Building is Shimp's legacy

  Earl Shimp’s family has been in construction for generations with some projects being used by thousands of Jacksonville residents daily. When residents travel across the Buckman Bridge or walk into the Times-Union Center for the Performing Arts, they are experiencing part of Shrimp’s legacy.


            It’s a legacy made possible, in part, by the University of North Florida, which gave Shimp the tools he needed to succeed in an industry where his father, grandfather and great-grandfather had succeeded before him. Perhaps construction is in his genes, but Shimp knew when he was a youngster he wanted to build things. “I came from a family of bricklayers. When I was 12 or 13 years old, I remember going to job sites after school or on Saturdays to do cleanup work.”


            With the change in generations, Shimp jumped into a change in technology — from bricks to concrete ­— and combined his construction experience with a UNF degree to run his own business. Unlike many graduates who get a degree first and then experience, Shimp entered the workforce in 1972 but didn’t get his bachelor’s degree in technology until 1981. Before he walked onto the recently opened UNF campus, Shimp was an estimator, a purchasing agent and a project manager for a large general contractor. The UNF education provided the skills needed for Shimp to take his experience to the next level.


            Joining with a family member, Shimp started his own business and managed a concrete manufacturing facility. He did a little of everything from managing projects, bidding work, running the office and even pouring the concrete panels in the plant. “This is where UNF gave me a great advantage.  It gave me the ability to read a financial statement to make sure I knew how my business was doing and to run it effectively.” The experience also increased his profile in the construction community, resulting eventually in a job offer with Gate ConcreteProducts.

In this position, he worked on the Buckman Bridge, later constructing some of the longest clear-span bridges in the country. While thousands of motorists drive on these bridges every day, perhaps the most visible project benefiting from Shimp’s expertise was the Times-Union Center for the Performing Arts. Opened in 1997, the center was built on the former location of the Civic Auditorium, parts of which were maintained [by his company?]. Much of the ambiance of the reconstructed center with its soaring ornate white columns was the result of Shimp’s management of the precast portion of the project.  Other exciting portions of his career include being the project manager for construction of buildings in which F14 Fighters and center sections for the Boeing 757 and 767 jets were assembled.

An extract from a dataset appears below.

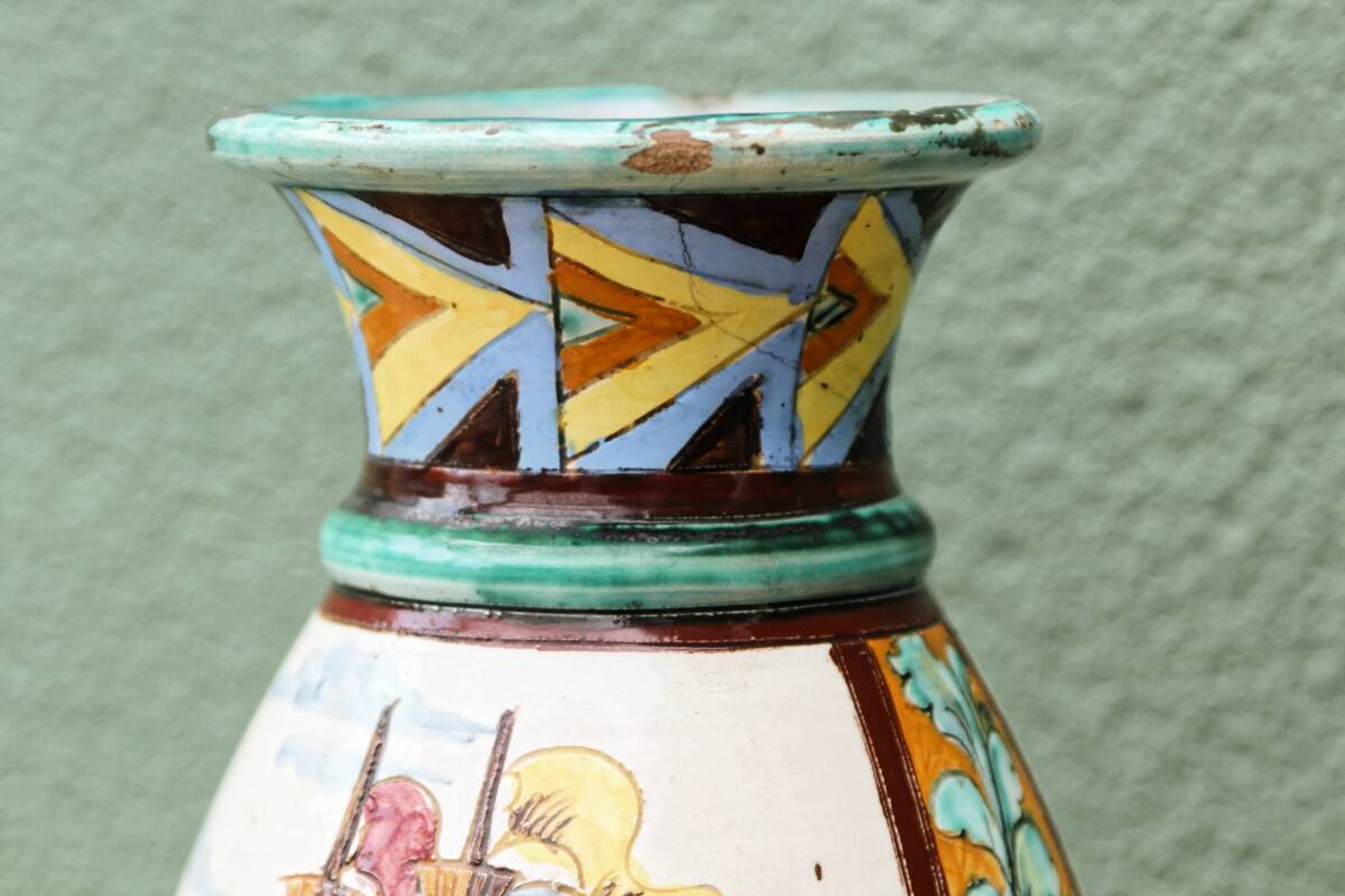 Vase en majolique italienne de Perugia, bateaux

Today, Shimp is senior vice president of operations for Gate Construction Materials Group and oversees the operation of six architectural and pre-stressed plants throughout the southeastern United States.


Shimp is active in a number of professional organizations and is proud of his key role representing Gate in its relationship with UNF. He has helped with UNF’s entry into the Big Beam Contest, a competition sponsored by the Prestressed Concrete Institute (PCI) Student Education Committee. UNF was the first college in Florida to enter the competition which features student teams fabricating and testing a precast, prestressed concrete beam. Prizes are awarded for such things as the most efficient design and ability to predict beam reactions. His newest UNF challenge will be participating in the establishment of a concrete design studio at UNF. This is one of the first such facilities in the country and represents an investment of $125,000 over five years through a PCI Foundation grant.

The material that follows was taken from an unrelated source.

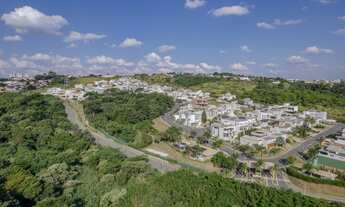Imagem 6: Terreno com ótima topografia em rua tranquila, já com vizinhança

Shimp is also playing a role in the next generation of materials to be used in construction. He is working with organizations exploring the new technology of using carbon fibers to reinforce concrete, replacing steel reinforcing rods.


When not building things, Shimp loves to unwind in the outdoors, especially hunting wild turkeys.  He and his wife Cathie are members of the Church of the Messiah, where Shimp has been on the rector’s council for 17 years.


Even when relaxing, the concrete business isn’t far from Shimp’s focus. Regardless of what innovations are on the horizon for the industry and for the students of today who will work in it tomorrow, he says he is proud to play a continuing role. “UNF laid the foundation for me.”